Em uma declaração ao "Post", a companhia se referiu à burocracia: "Na sexta-feira, o Marriott conseguiu um ferry-boat para transportar cerca de 600 de nossos hóspedes de Saint Thomas a Porto Rico. Eram hóspedes que tiveram de ficar na ilha depois que o aeroporto foi fechado antes do furacão Irma.

"A balsa partiu de Saint Thomas na sexta-feira, 8 de setembro, com os hóspedes do Marriott a bordo. Havia várias outras pessoas reunidas no cais que não eram nossos hóspedes que também manifestarem o desejo de deixar Saint Thomas. Nós queríamos muito ajudar esses outros viajantes a chegar a Porto Rico, mas a equipe local do Marriott recebeu instruções de que não tinham autorização para embarcar outros passageiros que não estivessem no manifesto aprovado. Isso foi aplicado pela segurança do cais.

"Com o furacão José a caminho de Saint Thomas, a balsa tinha uma janela estreita para apanhar os passageiros e partir em segurança.

"Como companhia, a Marriott dá prioridade à segurança de nossos hóspedes, mas também temos uma longa tradição de cuidar da comunidade em geral. Nesse caso, não conseguimos ajudar, e embora estejamos gratos por termos conseguido transportar nossos hóspedes estamos entristecidos por não termos podido fazer o mesmo por mais pessoas. Continuamos trabalhando com as autoridade locais em Saint Thomas para apoiar os esforços de ajuda lá."

Mas Howard e outras pessoas viram isso como um caso de insensibilidade corporativa durante uma situação de risco de vida. Ele disse ao "Post" que as autoridades locais pressionaram para colocar turistas no barco –estes usariam os recursos limitados que poderiam ser usados pelos moradores, que não podiam fugir das consequências do furacão.

O furacão José afinal se desviou para o norte e teve um efeito mínimo na ilha destruída.

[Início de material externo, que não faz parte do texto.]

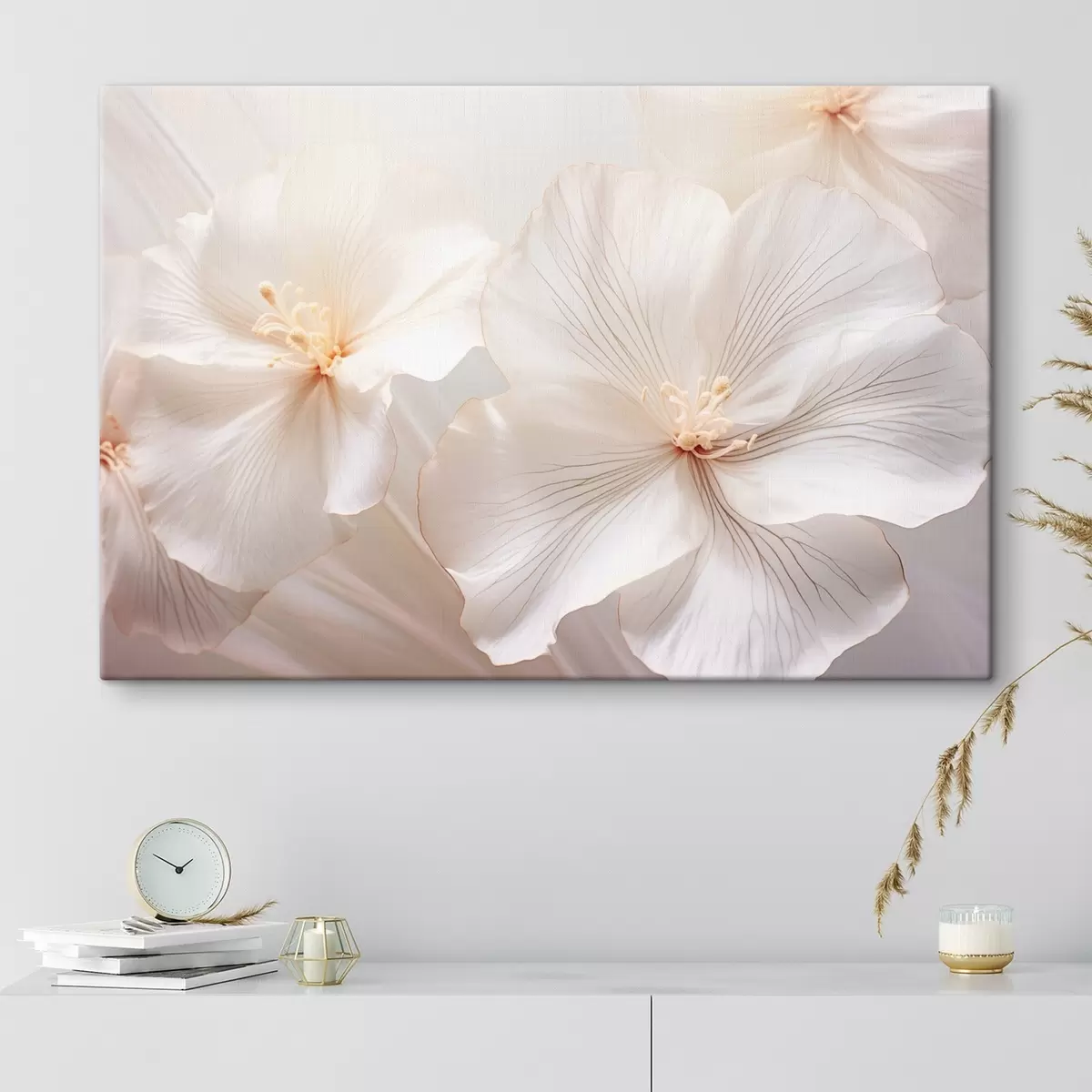  Peintures Fleurs blanches délicates avec des pétales et des centres aux couleurs douces et pastel, créant un art floral éthéré et rêveur s44858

Mas enquanto as pessoas viam o barco fretado pelo Marriott se afastar ninguém sabia disso –ou por quanto tempo Saint Thomas ficaria sem abastecimento de alimentos e água. As pessoas também tinham recebido relatos esparsos de tumultos em outras ilhas desesperadas do Caribe.

Mas mesmo assim, segundo Howard, o pessoal do navio disse não.

"O sentido geral que tirei dessa história foi: nós não pagamos o suficiente para ficar em um hotel Marriott, portanto não éramos bons o suficiente para entrar naquele barco", afirmou.